== WORK ITEM ==
From the line containing "Woodland near Penland Farm" through the last line of the data, both ends included, write out every line exactly; omit the pictures.

─── RECORDED DATA

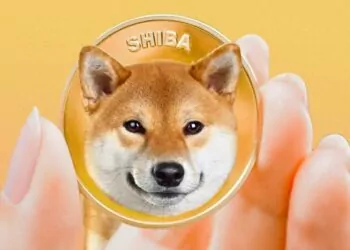 Shiba Inu Artık Kendi Restoranına Sahip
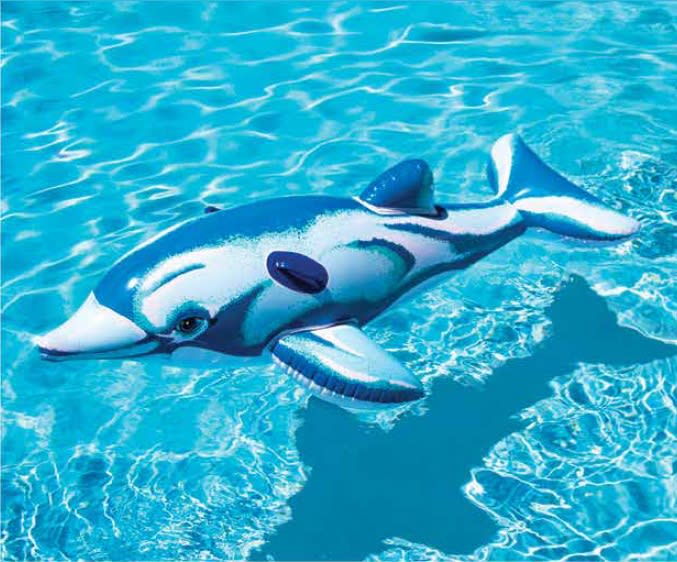 The Swimline 72 Inch Pool Dolphin float by Swimline is seen drifting on the surface of a clear blue swimming pool.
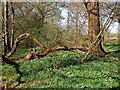 Woodland near Penland Farm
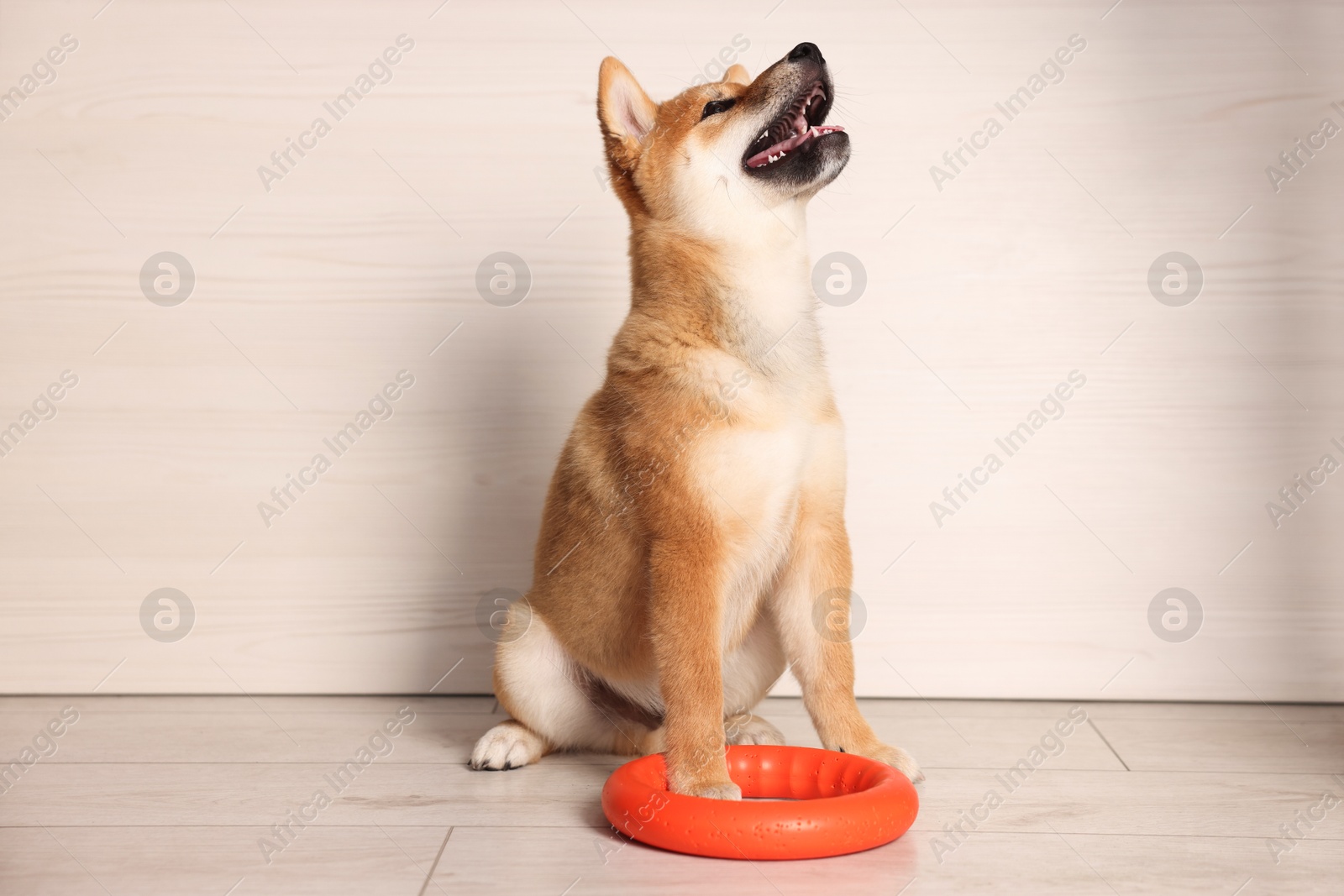 Cute Shiba Inu puppy with ring toy on floor at home Photo of Cute Shiba Inu puppy with ring toy on floor at home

──────

== WRITTEN REPLY ==
 Woodland near Penland Farm
 Cute Shiba Inu puppy with ring toy on floor at home Photo of Cute Shiba Inu puppy with ring toy on floor at home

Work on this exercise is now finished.